» **Directions for this task**
Word for word, give the records again, dropping any picture they hold.

%%

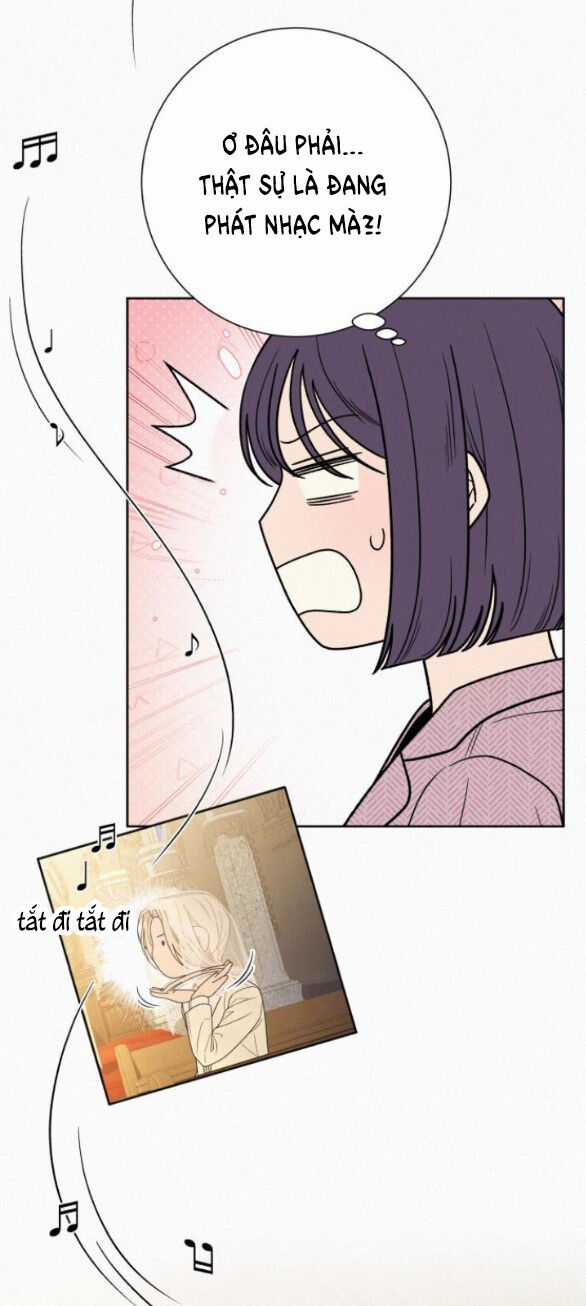 Chiến Lược: Tình Yêu Trong Sáng Chapter 84.1 trang 13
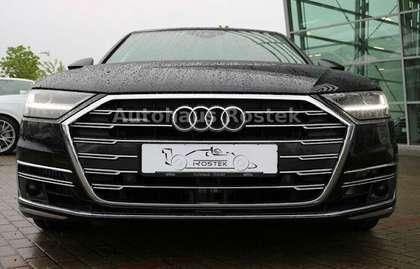 2018 Audi A8 For Sale Near Me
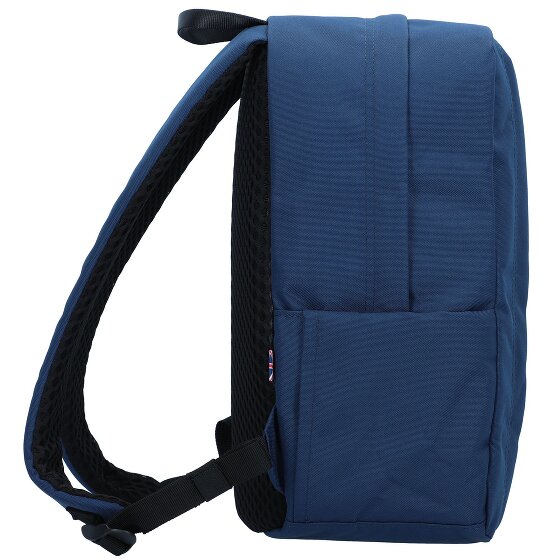 Cabin Zero Adventure 96 Plecak Ochrona RFID 34 cm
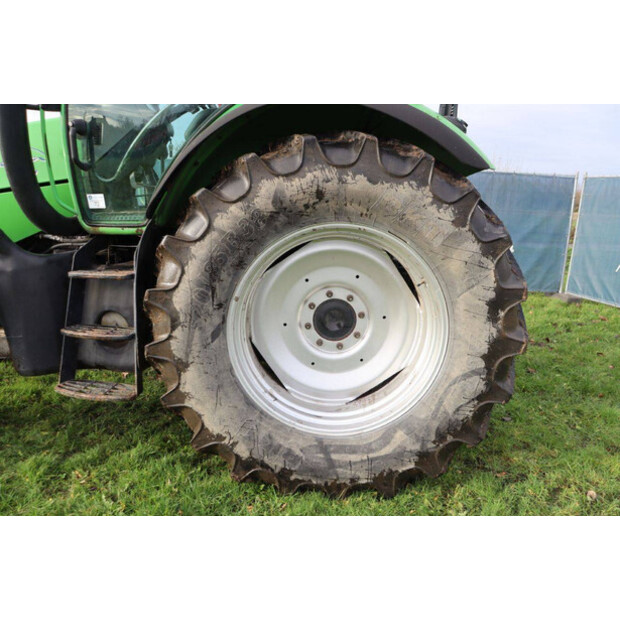 1995 Deutz-Fahr Agrotron 130-44214896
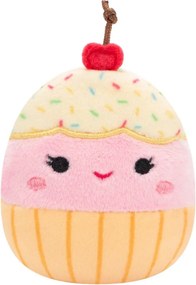 Plyšové hračky v súprave 4 ks Micromallows 4Pack – SQUISHMALLOWS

%%

» **Solution**
 Chiến Lược: Tình Yêu Trong Sáng Chapter 84.1 trang 13
 2018 Audi A8 For Sale Near Me
 Cabin Zero Adventure 96 Plecak Ochrona RFID 34 cm
 1995 Deutz-Fahr Agrotron 130-44214896
 Plyšové hračky v súprave 4 ks Micromallows 4Pack – SQUISHMALLOWS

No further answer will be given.